>>>

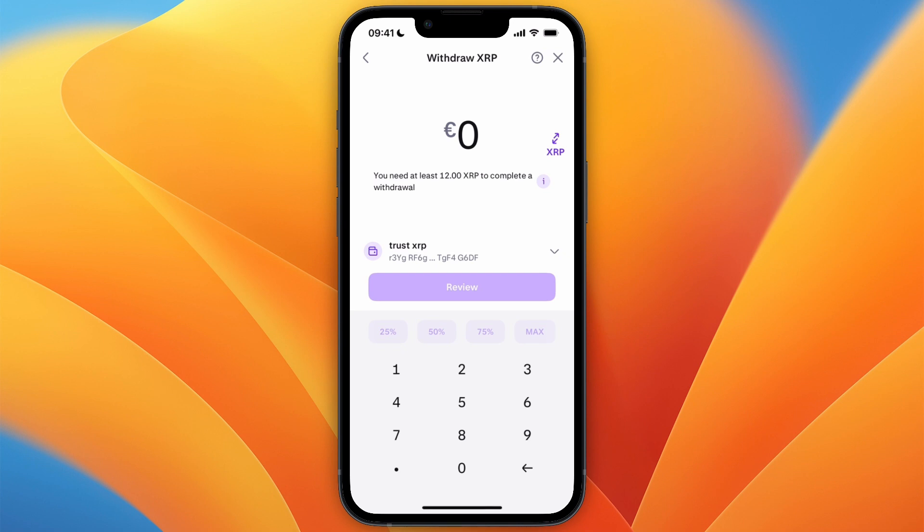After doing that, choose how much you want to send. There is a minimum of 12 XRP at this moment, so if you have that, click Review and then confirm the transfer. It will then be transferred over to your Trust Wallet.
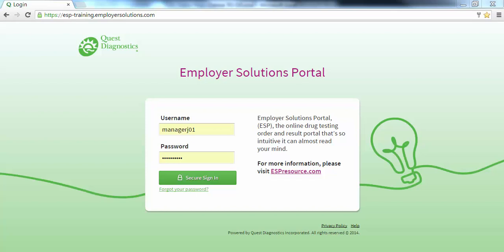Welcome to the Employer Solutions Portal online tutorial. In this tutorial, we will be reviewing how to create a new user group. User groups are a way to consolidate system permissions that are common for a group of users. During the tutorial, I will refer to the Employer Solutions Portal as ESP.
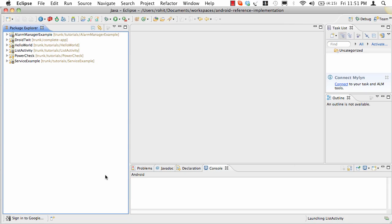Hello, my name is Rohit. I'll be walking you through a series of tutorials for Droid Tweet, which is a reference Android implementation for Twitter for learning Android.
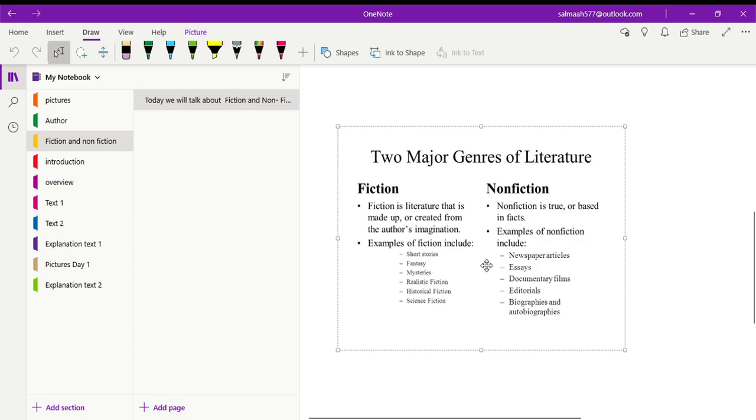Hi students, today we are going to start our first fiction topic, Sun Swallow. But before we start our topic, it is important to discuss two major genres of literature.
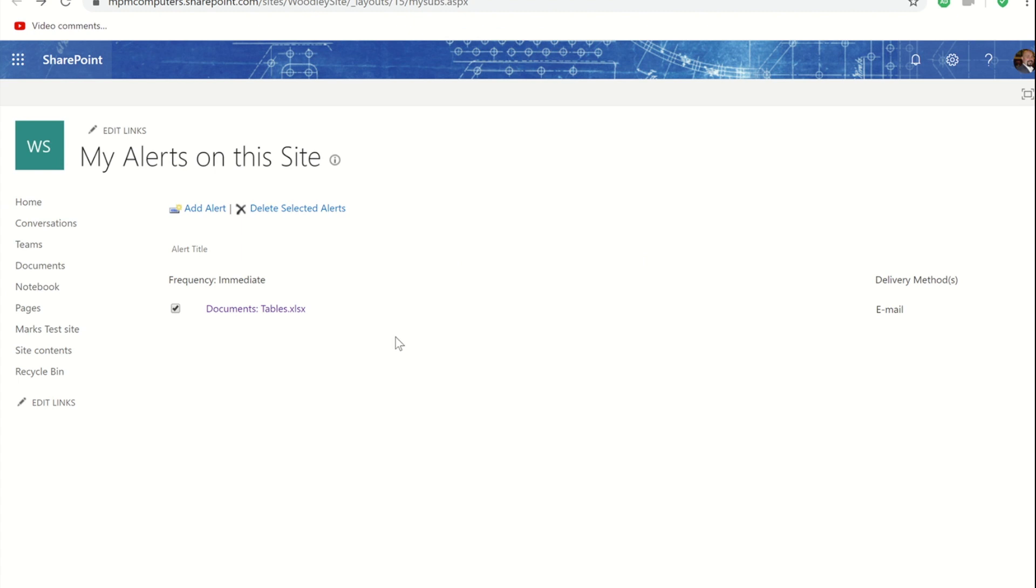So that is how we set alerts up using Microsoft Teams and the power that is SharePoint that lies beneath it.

<<<

* Instructions for the task *
Pictures are to be left out; otherwise, retype exactly the lines from the first line of the data through the line containing "Hi students, today".

* Completed task *
After doing that, choose how much you want to send. There is a minimum of 12 XRP at this moment, so if you have that, click Review and then confirm the transfer. It will then be transferred over to your Trust Wallet.
Welcome to the Employer Solutions Portal online tutorial. In this tutorial, we will be reviewing how to create a new user group. User groups are a way to consolidate system permissions that are common for a group of users. During the tutorial, I will refer to the Employer Solutions Portal as ESP.
Hello, my name is Rohit. I'll be walking you through a series of tutorials for Droid Tweet, which is a reference Android implementation for Twitter for learning Android.
Hi students, today we are going to start our first fiction topic, Sun Swallow. But before we start our topic, it is important to discuss two major genres of literature.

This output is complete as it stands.